At odds – and no longer talking

President Barack Obama’s refusal Tuesday Sept. 11 to see Prime Minister Binyamin Netanyahu because “the president’s schedule will not permit that,” left Jerusalem thunderstruck – and Washington too.

At one stroke, round after round of delicate negotiations on Iran between the White House, Prime Minister’s Office in Jerusalem, the US National Security Council, Defense Minister Ehud Barak and Defense Secretary Leon Panetta collapsed. They had aimed at an agreement on a starting point for the meeting that had been fixed between the two leaders for Sept. 28 in New York to bridge their differences over an attack on Iran’s nuclear program.

By calling off the meeting, the US president has put paid to those hopes and publicly humiliated the Israel prime minister, turning the clock back to the nadir of their relations brought about by the comment by Gen. Martin Dempsey, Chairman of the Joint Chiefs of Staff on Aug. 30: “I don’t want to be complicit if they [Israel] choose to do it” – meaning attack Iran.

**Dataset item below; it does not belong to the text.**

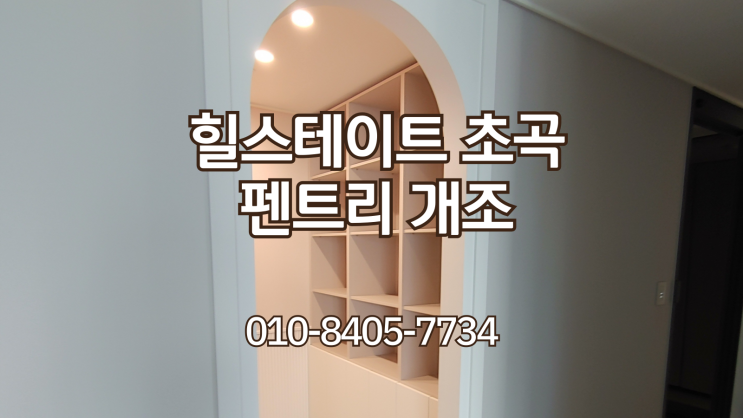  포항 힐스테이트 초곡 펜트리개조(도배.템바.수납장.조명)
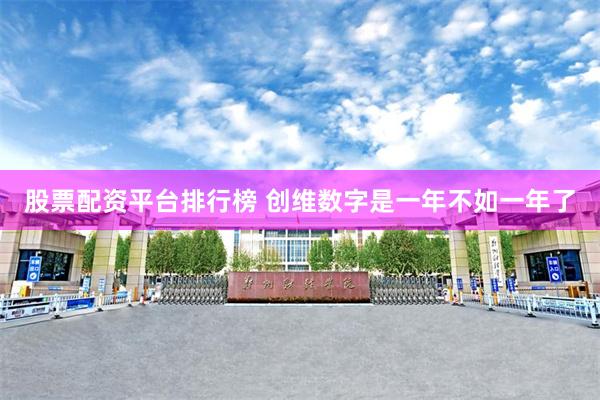 股票配资平台排行榜 创维数字是一年不如一年了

By rebuffing Netanyahu, the president demonstrated that the top US soldier was not just talking off the cuff but representing the president’s final position on a possible Israel strike to preempt Iran’s nuclear program.

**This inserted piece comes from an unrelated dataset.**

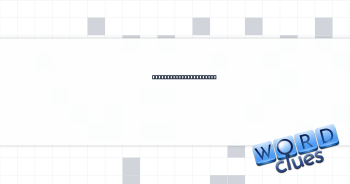 Product manager's plan Crossword Clue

Tuesday, the US Defense Secretary said: “If Iran decides to make a nuclear weapon, the US would have a little more than a year to stop it.” He added that the United States has “pretty good intelligence” on Iran.

“It’s roughly about a year right now. A little more than a year. And so … we think we will have the opportunity once we know that they’ve made that decision, take the action necessary to stop (Iran),” Panetta said on CBS’s “This Morning” program.